Gabriella Sica, poeta e scrittore (www.gabriellasica.com) dedica un serrato e originale confronto tra Pasolini e Caravaggio nell’arte e nella vita, pubblicato nel suo libro Sia dato credito all’invisibile. Prose e saggi, uscito presso Marsilio nel 2000. Solo Cesare Garboli in un ricordo di Roberto Longhi (pubblicato su “Nuovi Argomenti”, aprile-giugno 1970), aveva dedicato alcune righe a questo stesso parallelismo (vedi http://www.italialibri.net/dossier/pasolini/paralleli4.html).
Riproponiamo per la prima volta online questo testo di Gabriella Sica che ha avuto una notevole circolazione.

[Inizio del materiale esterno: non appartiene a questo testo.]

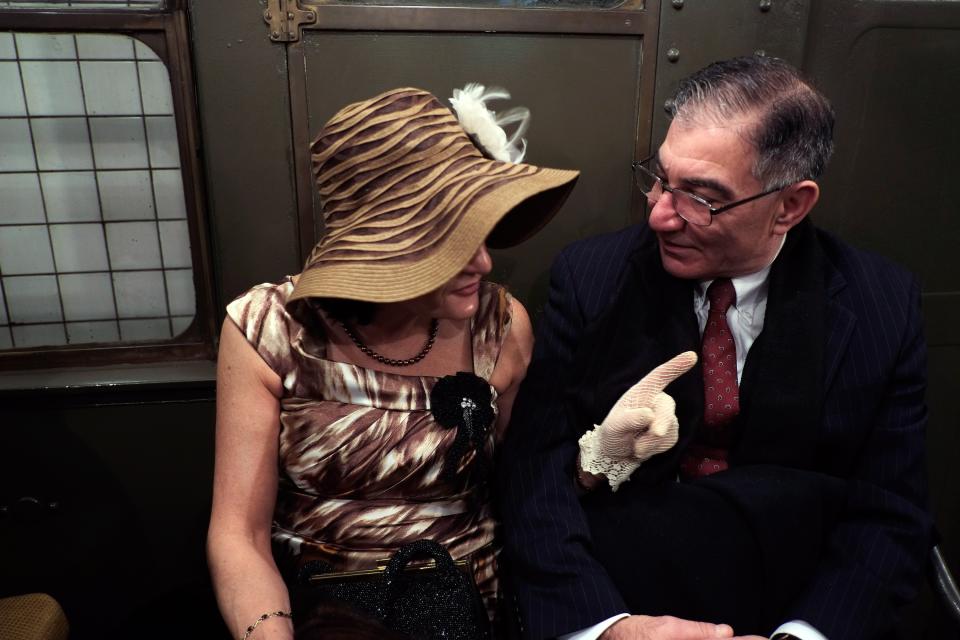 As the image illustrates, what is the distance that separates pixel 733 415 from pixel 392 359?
0.78 meters

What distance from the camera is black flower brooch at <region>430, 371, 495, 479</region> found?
1466 millimetres

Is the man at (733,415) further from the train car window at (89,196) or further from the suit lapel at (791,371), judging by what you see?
the train car window at (89,196)

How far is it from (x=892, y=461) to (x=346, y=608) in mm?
1203

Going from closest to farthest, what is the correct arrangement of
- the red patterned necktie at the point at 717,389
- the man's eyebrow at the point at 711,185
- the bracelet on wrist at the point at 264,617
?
the bracelet on wrist at the point at 264,617 → the man's eyebrow at the point at 711,185 → the red patterned necktie at the point at 717,389

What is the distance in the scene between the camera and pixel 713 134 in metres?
1.40

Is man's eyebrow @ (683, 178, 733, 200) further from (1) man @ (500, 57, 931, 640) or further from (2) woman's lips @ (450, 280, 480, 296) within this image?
(2) woman's lips @ (450, 280, 480, 296)

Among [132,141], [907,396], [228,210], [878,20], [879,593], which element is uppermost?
[878,20]

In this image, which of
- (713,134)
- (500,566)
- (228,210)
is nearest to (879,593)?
(500,566)

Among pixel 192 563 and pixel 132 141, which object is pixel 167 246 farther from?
pixel 192 563

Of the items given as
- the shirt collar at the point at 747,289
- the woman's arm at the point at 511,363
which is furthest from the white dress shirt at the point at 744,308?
the woman's arm at the point at 511,363

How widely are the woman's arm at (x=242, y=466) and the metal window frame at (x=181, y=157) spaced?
0.68 m

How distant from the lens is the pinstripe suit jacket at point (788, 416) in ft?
4.66

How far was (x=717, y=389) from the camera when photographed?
155 cm

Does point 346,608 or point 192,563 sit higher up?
point 346,608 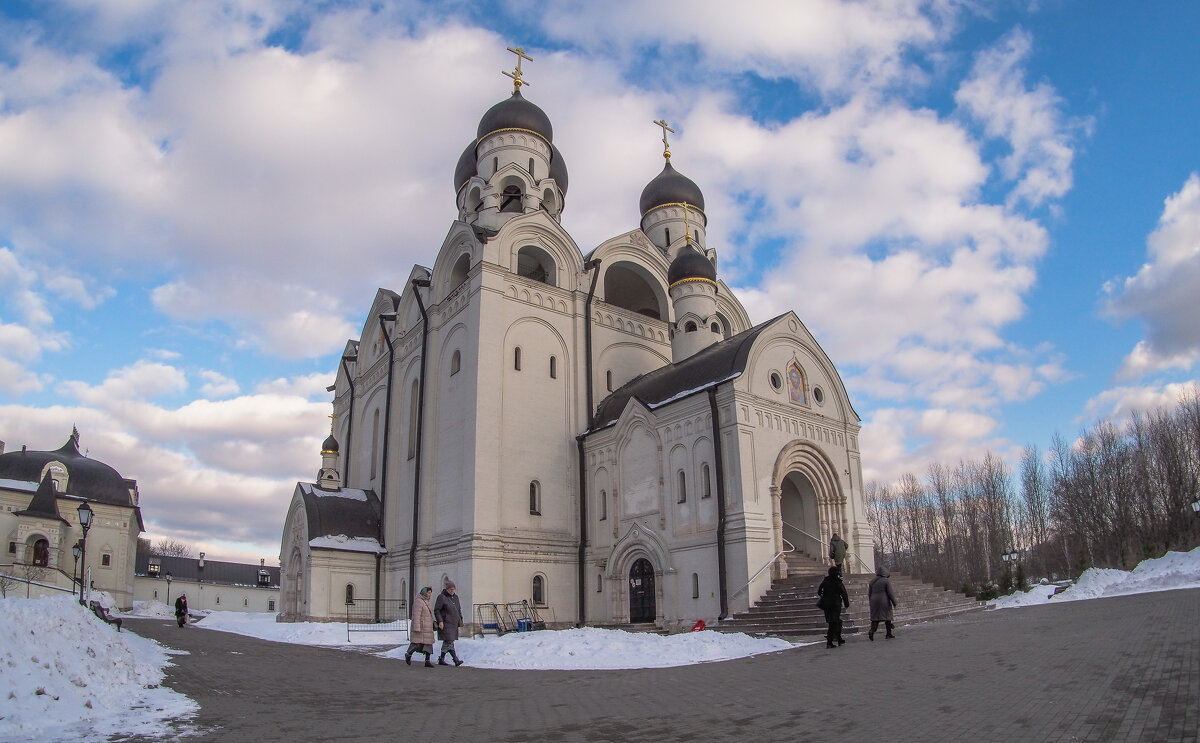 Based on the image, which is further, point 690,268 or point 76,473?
point 76,473

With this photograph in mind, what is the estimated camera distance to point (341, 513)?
92.5ft

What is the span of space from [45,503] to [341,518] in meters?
21.3

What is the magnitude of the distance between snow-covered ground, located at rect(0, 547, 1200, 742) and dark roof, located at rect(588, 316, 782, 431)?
7861mm

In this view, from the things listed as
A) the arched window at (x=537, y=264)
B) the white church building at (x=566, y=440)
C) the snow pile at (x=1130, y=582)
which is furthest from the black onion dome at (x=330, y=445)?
the snow pile at (x=1130, y=582)

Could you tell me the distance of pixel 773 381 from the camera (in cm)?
2144

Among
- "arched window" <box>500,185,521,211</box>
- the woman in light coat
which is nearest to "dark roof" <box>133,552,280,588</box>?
"arched window" <box>500,185,521,211</box>

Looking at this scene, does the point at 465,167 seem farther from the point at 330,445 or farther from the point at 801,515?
the point at 801,515

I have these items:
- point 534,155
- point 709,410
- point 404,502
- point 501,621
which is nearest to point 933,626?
point 709,410

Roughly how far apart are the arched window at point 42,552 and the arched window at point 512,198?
2912 centimetres

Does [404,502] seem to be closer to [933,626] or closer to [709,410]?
[709,410]

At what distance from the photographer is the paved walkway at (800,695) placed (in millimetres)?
6004

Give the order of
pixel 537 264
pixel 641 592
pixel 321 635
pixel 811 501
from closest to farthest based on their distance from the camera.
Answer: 1. pixel 321 635
2. pixel 641 592
3. pixel 811 501
4. pixel 537 264

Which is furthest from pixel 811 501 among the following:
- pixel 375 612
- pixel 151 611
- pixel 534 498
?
pixel 151 611

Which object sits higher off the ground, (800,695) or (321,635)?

L’accostamento di Pasolini a Caravaggio è senza dubbio spericolato per la distanza che li separa, anche se nell’eterno ritorno delle cose e della poesia una giustificazione in più si può trovare.
Tutto è nato in modo casuale, e tuttavia suggestivo. Mentre lavoravo a Roma con il regista Gianni Barcelloni al montaggio di un filmato sulla vita e le opere di Pier Paolo Pasolini, nell’estate del 1998, mi capitò di tornare alla mia antica passione per Caravaggio. L’occasione fu la commemorazione della morte di Caravaggio che sempre si ripete a Porto Ercole, dove vado in vacanza, ogni 18 luglio. Quell’anno ne parlava Marco Bona Castellotti di cui era appena uscito Il paradosso di Caravaggio. Sempre, in queste serate appassionate e popolari, ormai tradizionali, si aggiungono studi e dettagli e risultati delle più varie ricerche per precisare i contorni di quella morte e degli ultimi misteriosi giorni di vita. Una morte avvenuta, pare, sulla spiaggia di Porto Ercole, che apparteneva in quel 1610 allo Stato dei Presidi, appena ai confini dello Stato pontificio da cui il pittore era fuggito, in attesa della grazia e della via libera per Roma. Morì di malaria, ma qualcuno azzardò ucciso da qualche inseguitore, forse quando già il perdono era arrivato. Certamente morì lontano da riflettori e da palazzi, lui che era il più grande artista del suo tempo, solo, come accade a molti uomini semplici.